◆ **Information supplied**
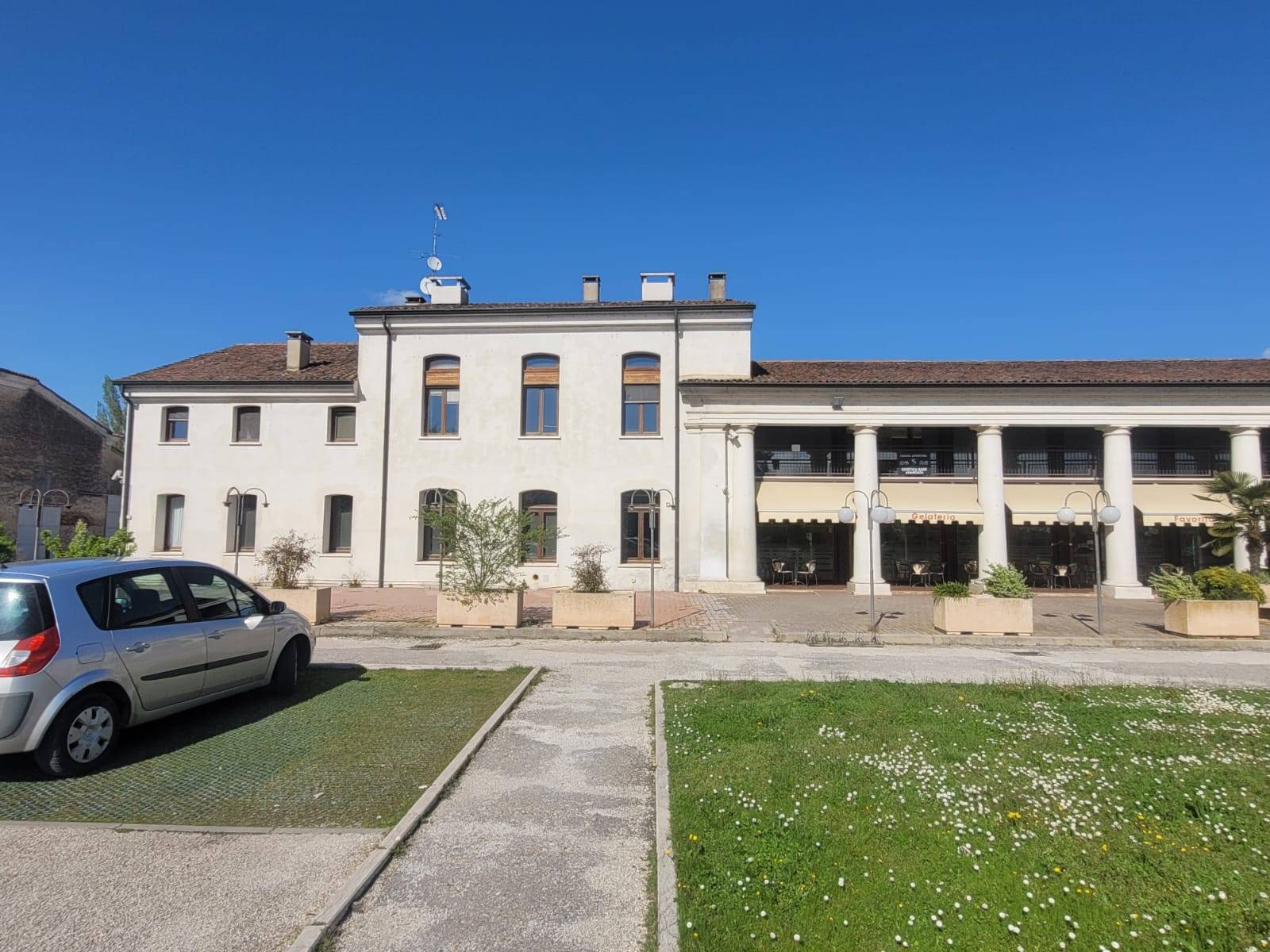 /api/file/public/263571/22885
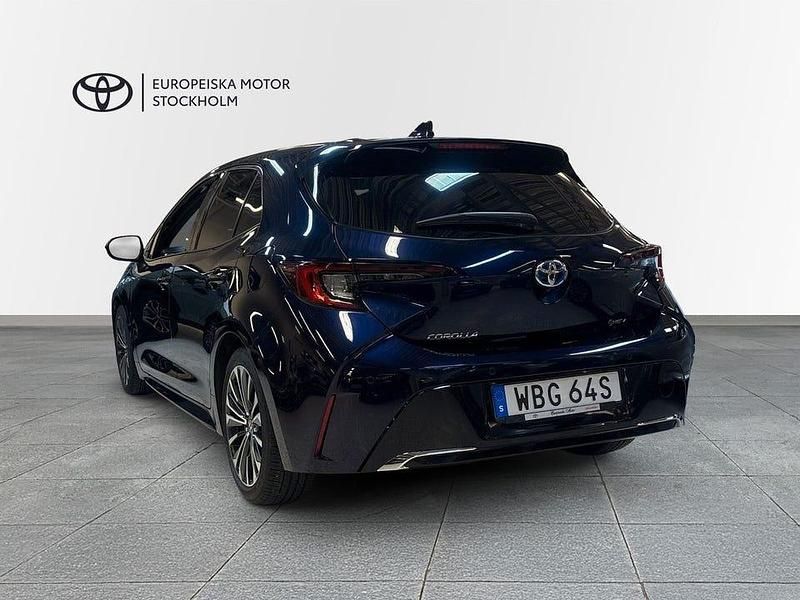 Begagnad Toyota Corolla Hybrid Style 140 HK (102 kW) 2024 Mörkblå (blå) Halvkombi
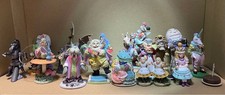Lot de 17 figurines Alice's
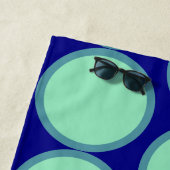 Personalized Navy Mint Polka Dot Pattern Modern Strandlaken (In situ)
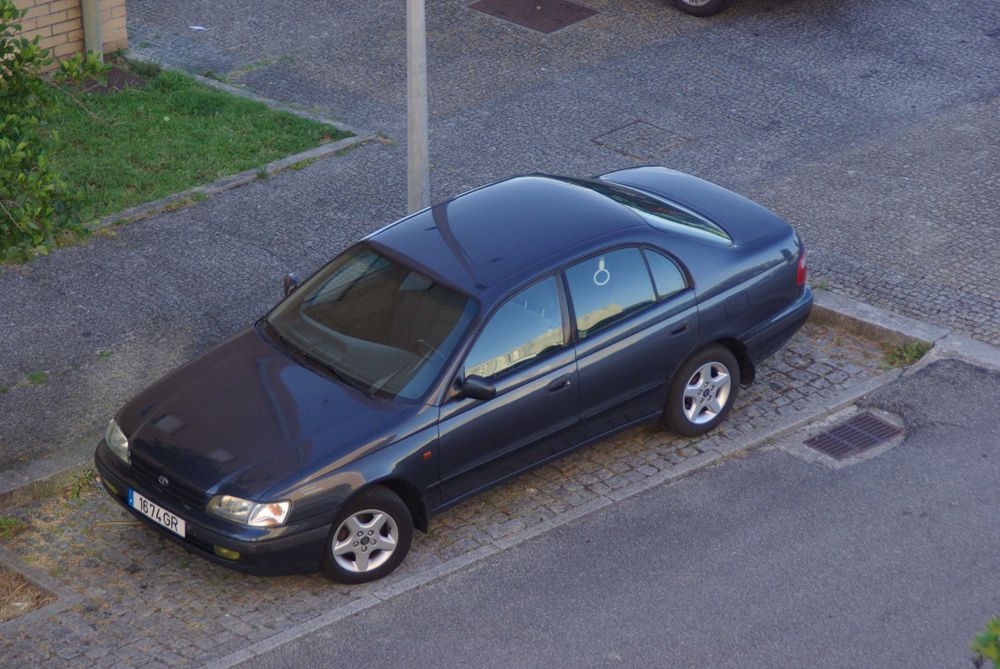 Toyota Carina E Gli 1.6 sedan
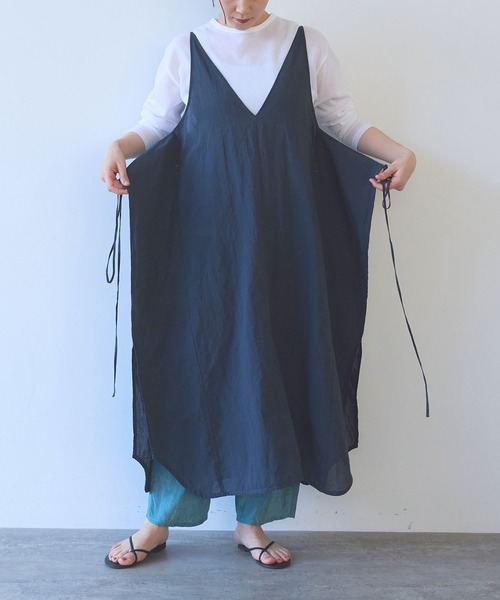 yuni（ユニ　）の「強撚CottonLinen 近江晒wrap one-piece（ジャンパースカート・レディース・チャコールグレー/パープル/カーキ・FREE）」の14枚目の写真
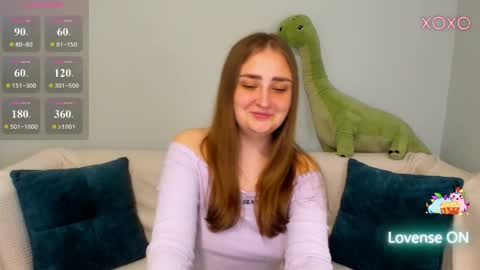 Snapshot of millibrooksss chatting on May 6, 2026, 1:47 am millibrooksss online show from May 6, 2026, 1:47 am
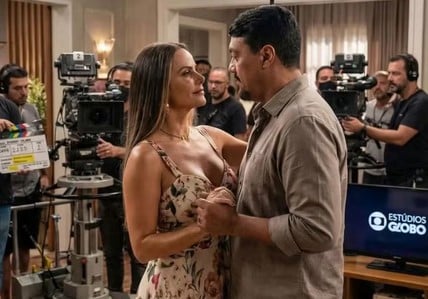 Viviane e Belo em Três Graças (Foto: Reprodução / Globo)
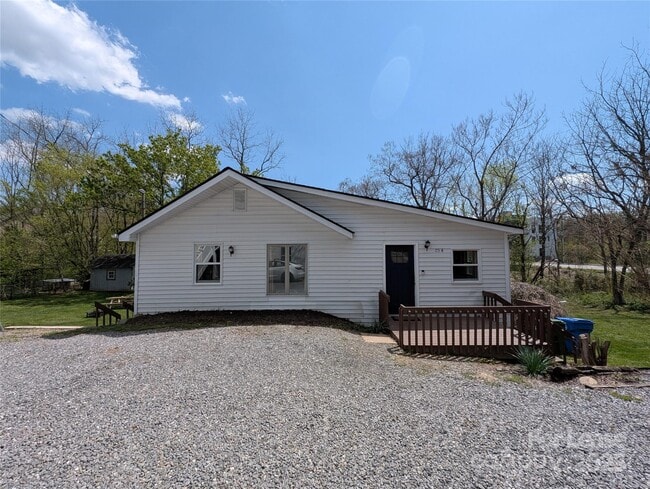 Building Photo - 25.5 Woodrow Ave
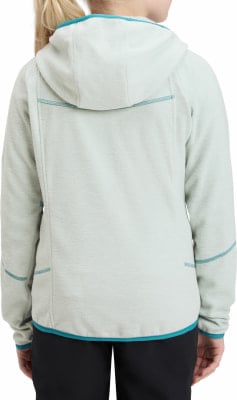 Rückansicht eines Mädchens in einer hellen, hellblauen Fleecejacke mit Kapuze. Rückansicht eines Mädchens in einer hellen, hellblauen Fleecejacke mit Kapuze.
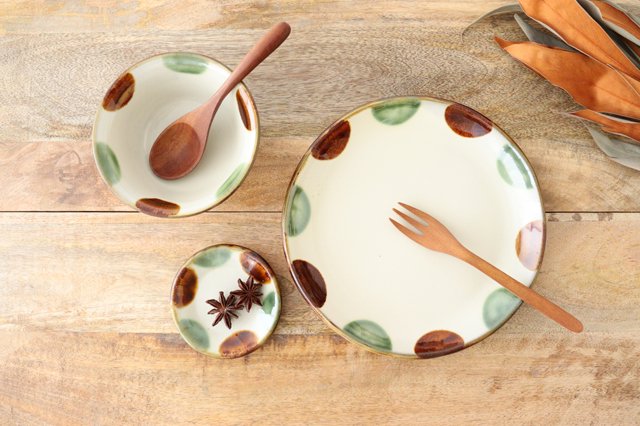 Toshin Kiln Round Plate Brown and Green Dots 21cm/8.3in | Tsuboya Ware  Yachimun-Detail11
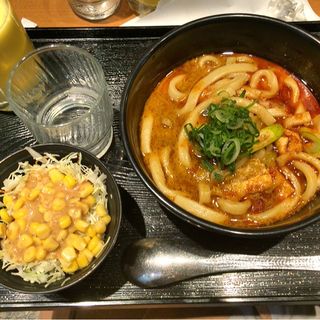 赤うどん(カレーうどん専門店「千吉」川口店)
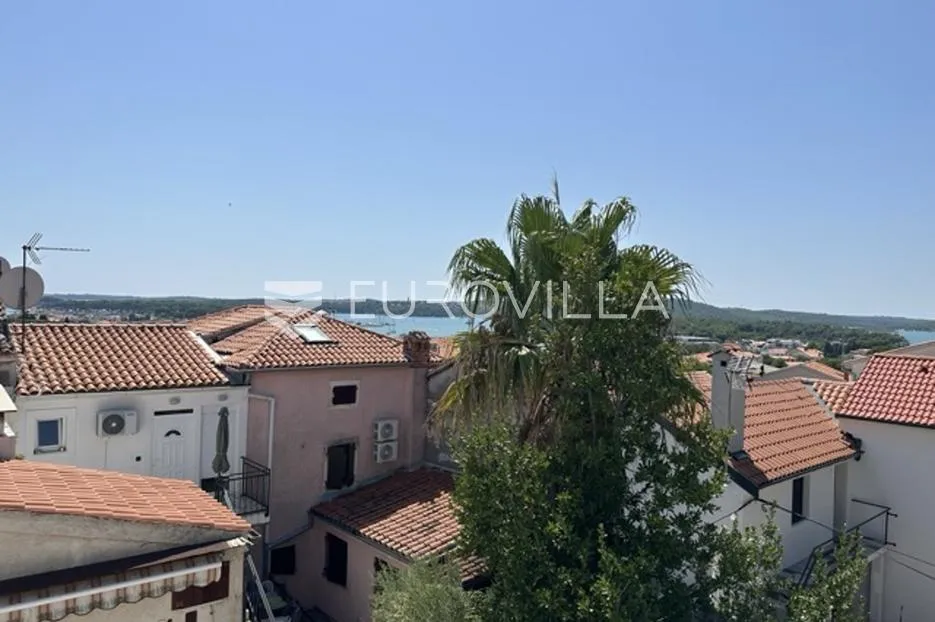 Istra, Medulin samostojeća kuća NKP 130 m2 s prekrasnom krovnom terasom i pogledom more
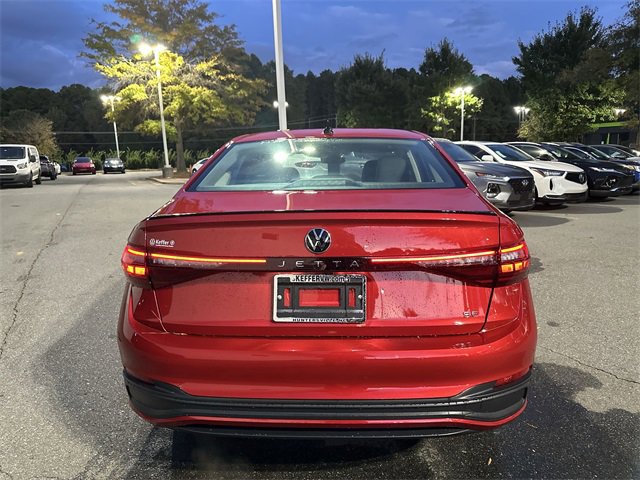 New 2025 Volkswagen Jetta SE image 4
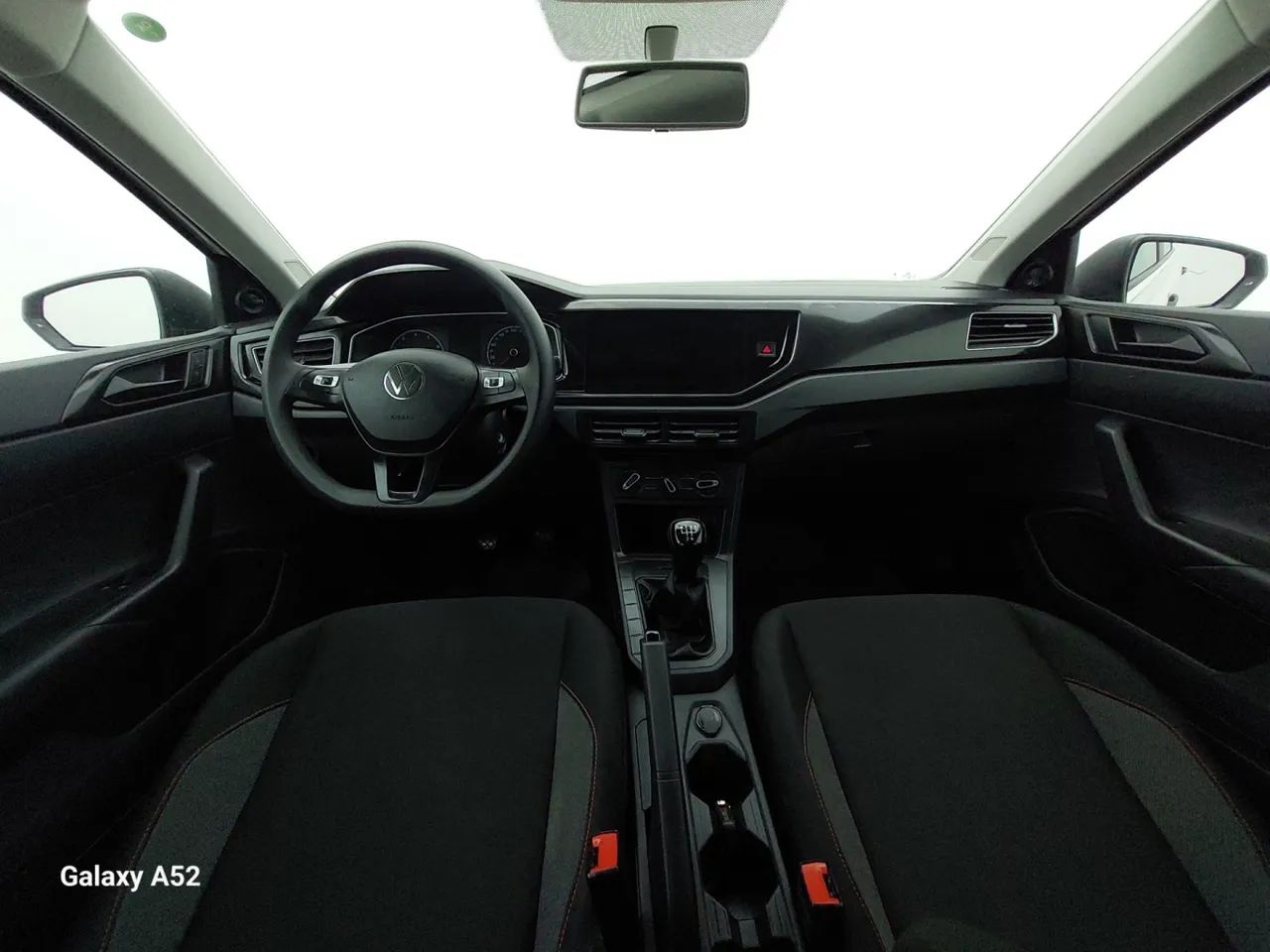 Volkswagen Polo Track 1.0 Flex 12V 5p, foto 15 de 18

◆ **Try it**
Write the lines from the one with "Istra, Medulin samostojeća" through the last line of the entries out again exactly, both ends included, and skip the pictures.

◆ **Output for this exercise**
 Istra, Medulin samostojeća kuća NKP 130 m2 s prekrasnom krovnom terasom i pogledom more
 New 2025 Volkswagen Jetta SE image 4
 Volkswagen Polo Track 1.0 Flex 12V 5p, foto 15 de 18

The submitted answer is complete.